New U-Pb age constraints for terrestrial sediments in the Late Triassic: Implications for faunal evolution and correlations with marine environments

 

Roland Mundil, Berkeley Geochronology Center (United States)
Randall Irmis, University of California (United States)
 

 

The reconstruction of geological history depends on reliable geochronologic constraints, principally radio-isotopic ages intercalibrated with bio-, chemo-, magneto- and cyclostratigraphy.
Recent radio-isotopic ages from volcanoclastics interbedded within marine fossil bearing sediments demonstrate that the Late Triassic is exceptionally long, in excess of 30 Ma (1), and that the end-Triassic extinction appears to be coincident with a major episode of continental scale volcanism, the Central Atlantic Magmatic Province (2-4). Although some successions are well-calibrated locally (e.g., (5)), the timing of events in the Late Triassic is poorly understood because of a lack of absolute age control with robust radio-isotopic data. The correlation between events in marine and terrestrial environments remains elusive even though the understanding of the timing of environmental change leading up to the End Triassic extinction is critically urgent. This lack of correlation also hinders our understanding of the global tempo and mode of major biotic events, including the origin and early diversification of dinosaurs (5), the potential effects from the Manicouagan impact at c. 215.5 Ma (6), and faunal turnover at or near the Triassic-Jurassic boundary.
We present initial TIMS U-Pb single zircon ages from a tuffaceous sandstone at the base of the Blue Mesa Member, directly overlying the Mesa Redondo/Bluewater Creek Member (lower portion of the Upper Triassic Chinle Formation) in the Six Mile Canyon area of western New Mexico.
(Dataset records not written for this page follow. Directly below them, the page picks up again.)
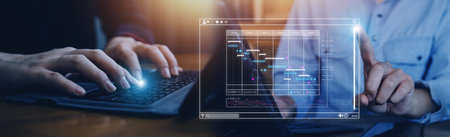 Businessman analyzing business Enterprise data management, business analytics with charts, metrics and KPIs to improve organizational performance, marketing, financial organization strategy.の写真素材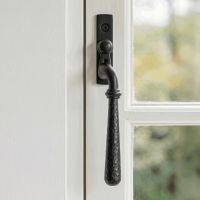 The Left Handed Dark Aged Bronze Hammered Espag Window Handle Mounted on a Traditional White Window Frame in a Country Home - Digital Illustration 
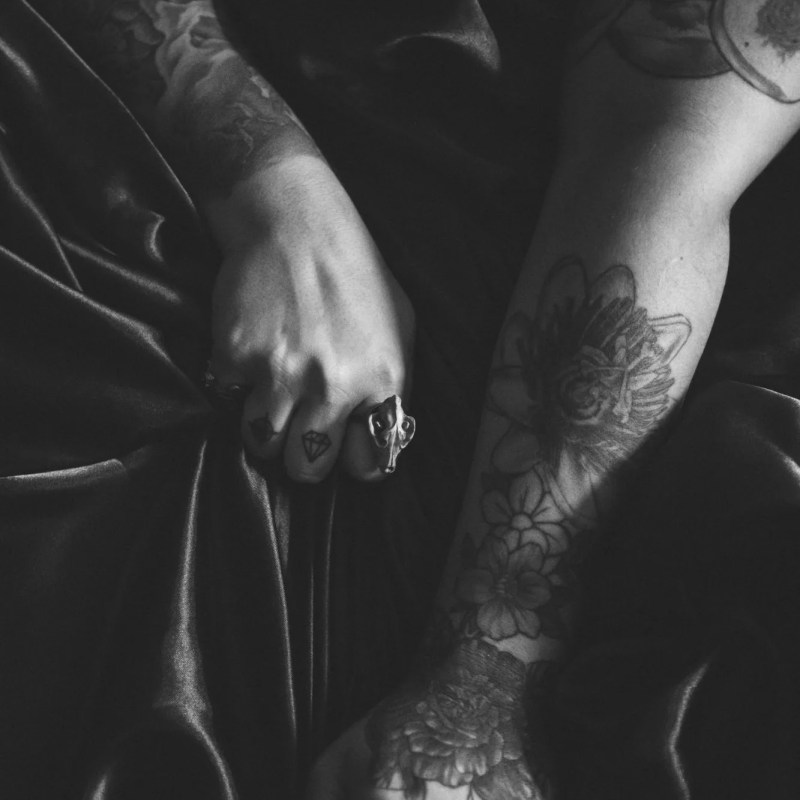 black and white image of woman in lingerie on bed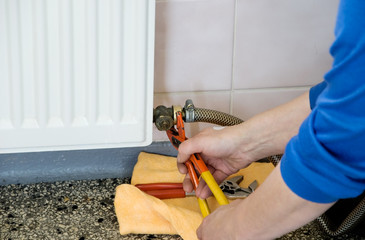 hands of a plumber repairman
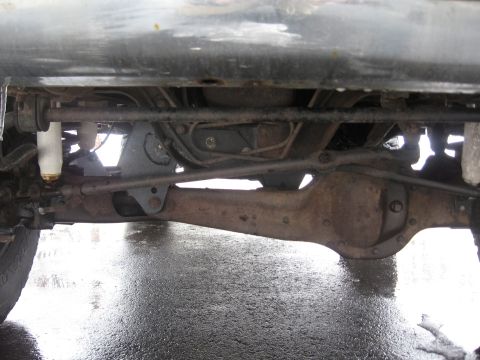 1996 Ford Bronco - Close-up view of the undercarriage, showing suspension and differential components.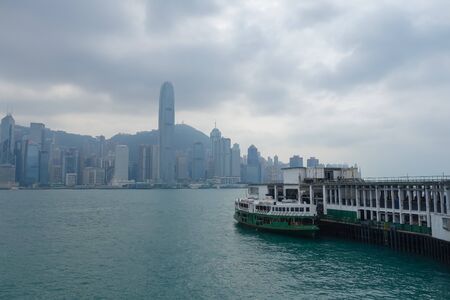 Tsim Sha Tsui Pier at Victoria Harbor with popular Hong Kong island landmark in backgroundのeditorial素材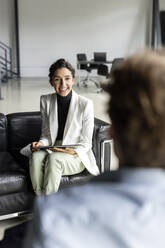 Smiling businesswoman with tablet pc discussing with colleague in lobby - PESF03305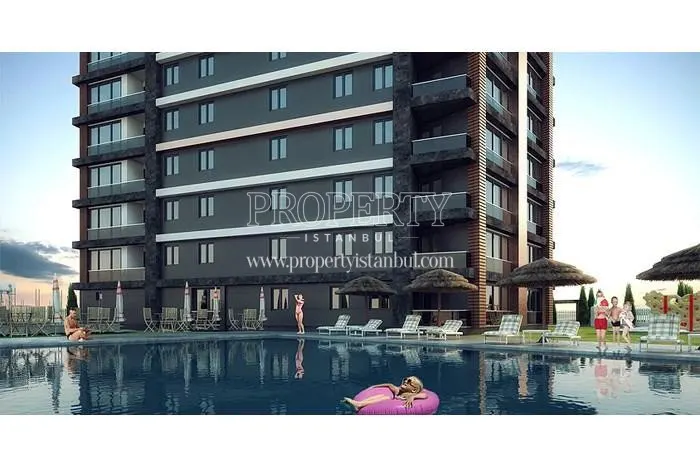 Selin Tower residents swimming in the compound pool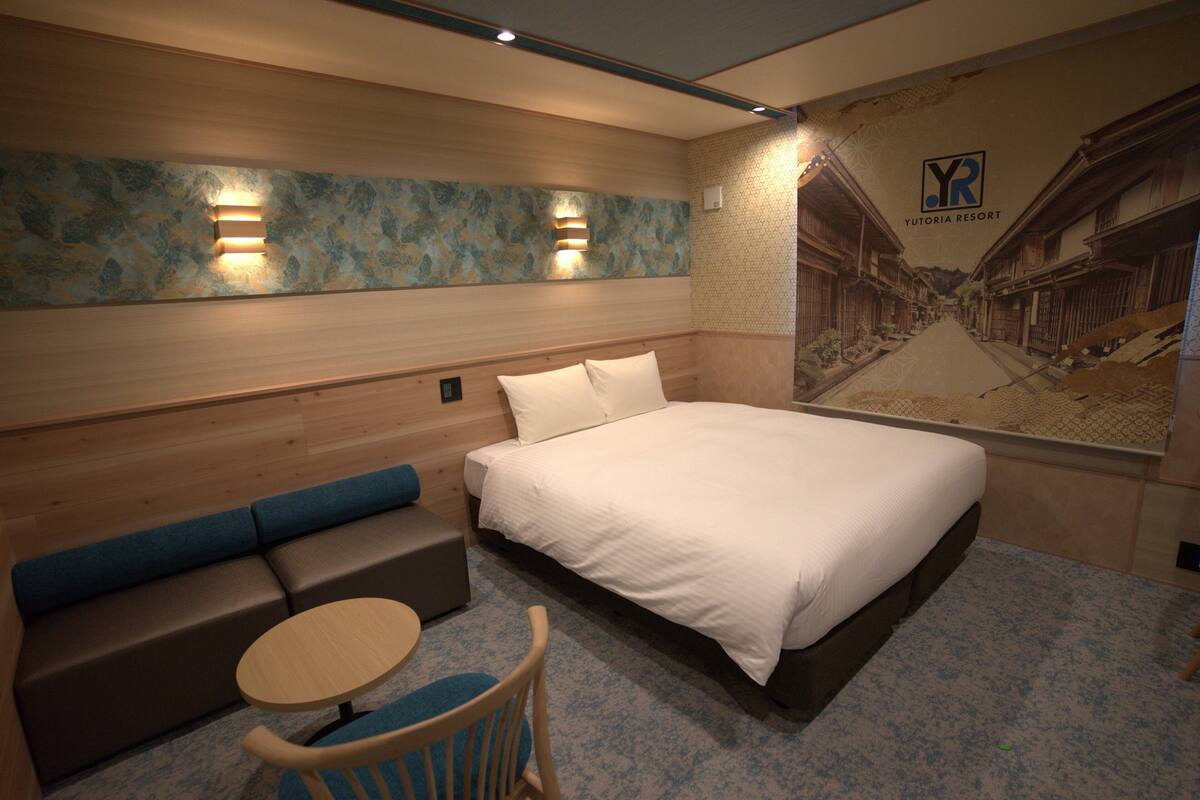 A hotel room with a bed, a sofa, a small table, and a chair.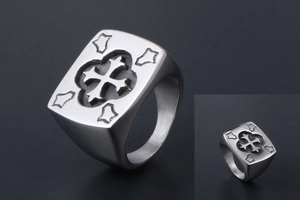 Macro shot of titanium steel signet ring featuring a vintage engraved cross pattern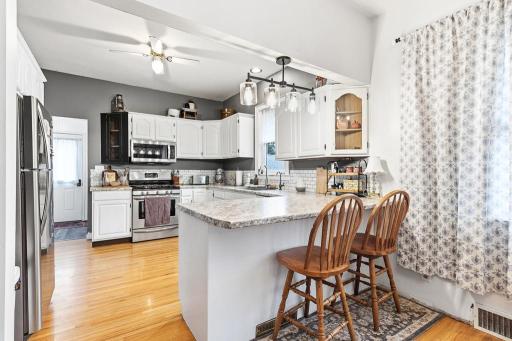 Step inside and be charmed by tasteful updates and stunning wood floors throughout!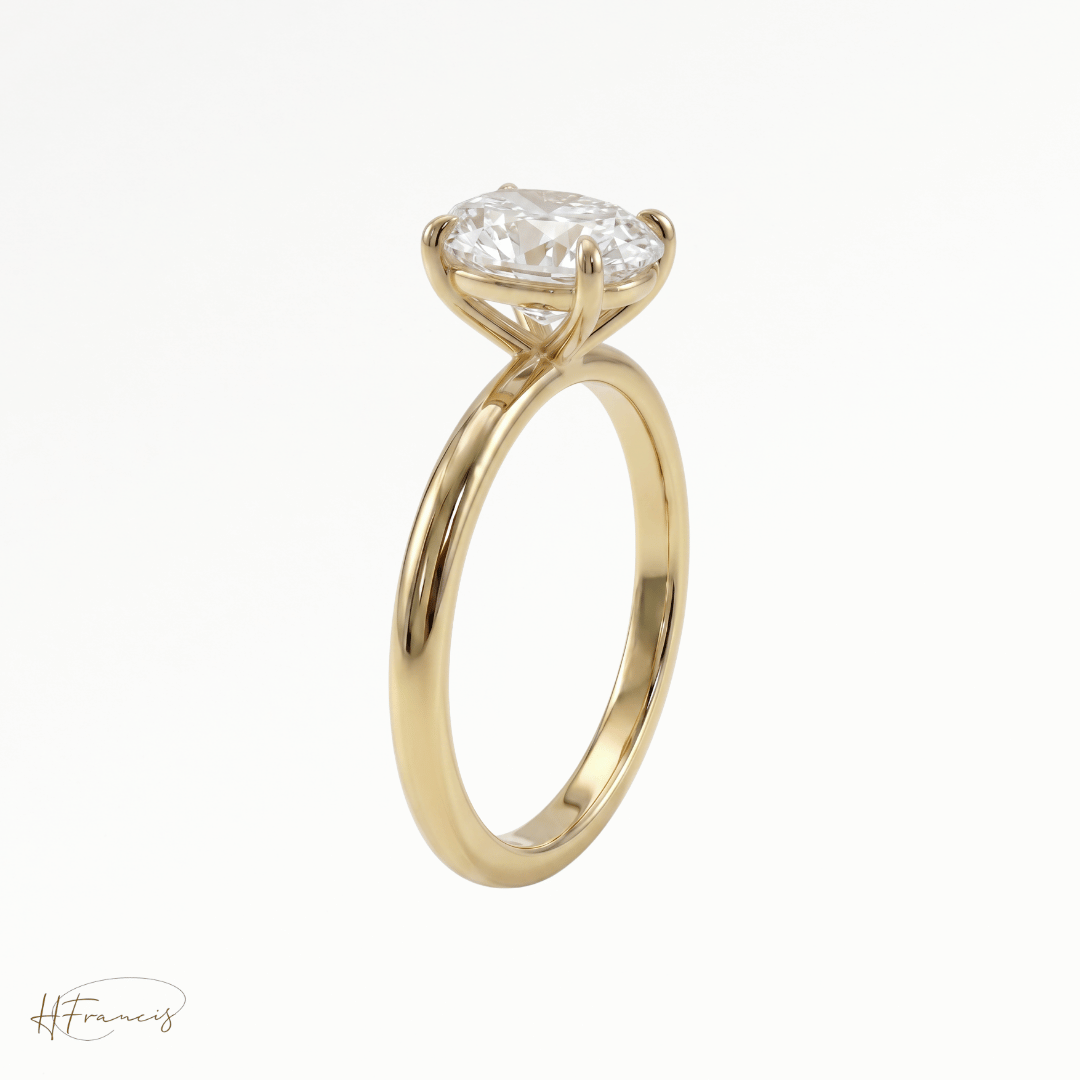 Oval classic solitaire engagement ring in 18k yellow gold side view 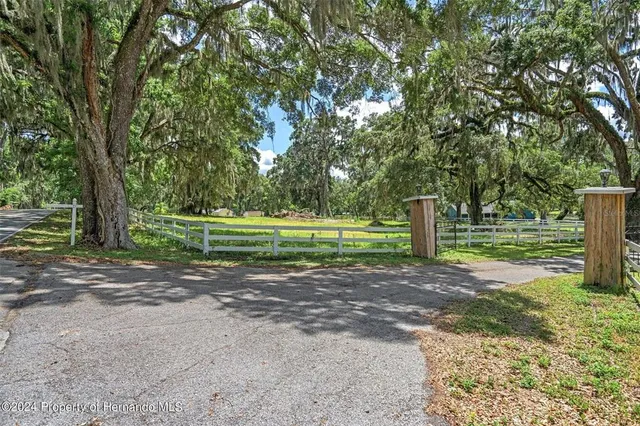 a view of outdoor space with deck and yard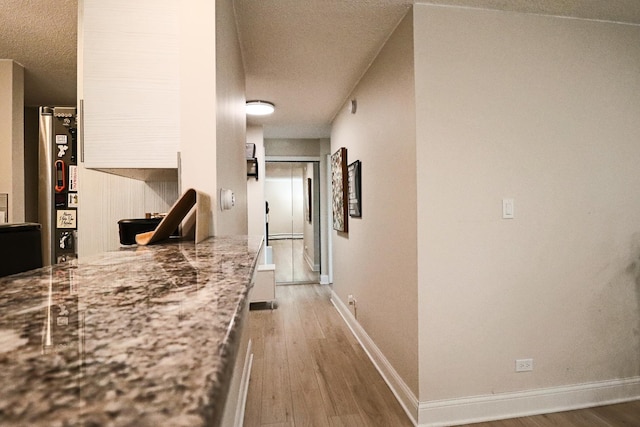 hallway featuring baseboards, a textured ceiling, and wood finished floors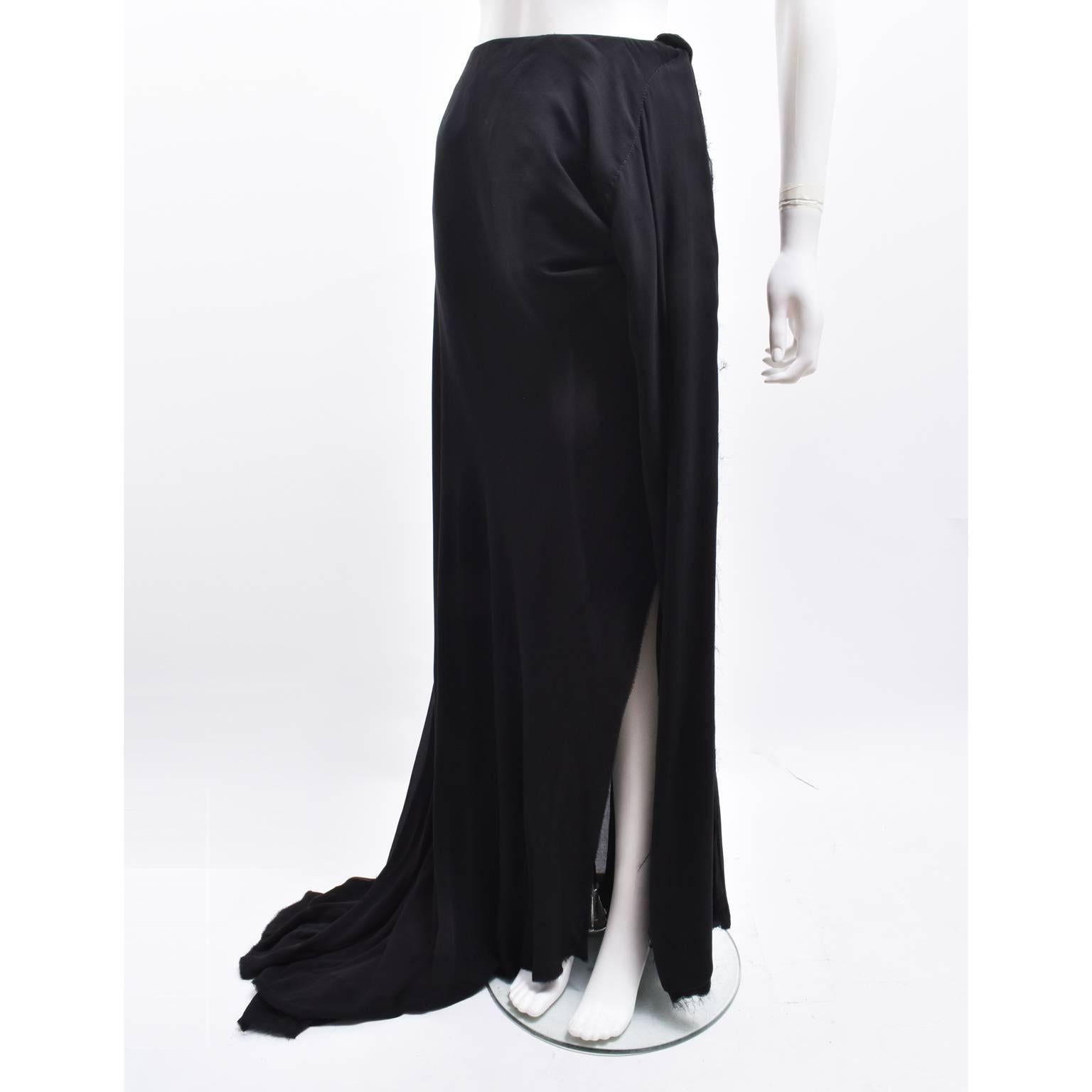 A beautiful long draped skirt by Vivienne Westwood. The ‘Acorn’ skirt sits on the waist and flows down to floor length with elegant draped folds. The skirt has an asymmetric shape with a side slit and a knot at the top of the slit that creates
A coherent cluster of zircon analyses yields a preliminary weighted mean 206Pb/238U age of 219.2 ± 0.7 Ma, which is a maximum age because the layer is not a primary ashfall. This age suggests that previous global biostratigraphic correlations of the Chinle Formation (e.g., (7)) are untenable, and that many traditional "late Carnian" terrestrial assemblages may be mostly or wholly within the Norian. Ages of similar quality from both terrestrial and marine successions are necessary to establish a firm chronostratigraphy and ultimately result in coherent reconstruction of events in the Late Triassic.

1. S. Furin et al., Geology 34, 1009 (2006).
2. U. Schaltegger, J. Guex, A. Bartolini, B. Schoene, M. Ovtcharova, Earth and Planetary Science Letters 267, 266 (2008).
3. B. Schoene, J. L. Crowley, D. J. Condon, M. D. Schmitz, S. A. Bowring, Geochimica et Cosmochimica Acta 70, 426 (2006).
4. A. Marzoli et al., Geology 32, 973 (2004).
5. R. B. Irmis et al., Science 317, 358 (2007).
6. J. Ramezani, S. A. Bowring, M. S. Pringle, F. D. Winslow, E. T. Rasbury, Geochimica et Cosmochimica Acta 69, A321 (2005).
7. S. G. Lucas, Palaeogeography Palaeoclimatology Palaeoecology 143, 345 (1998).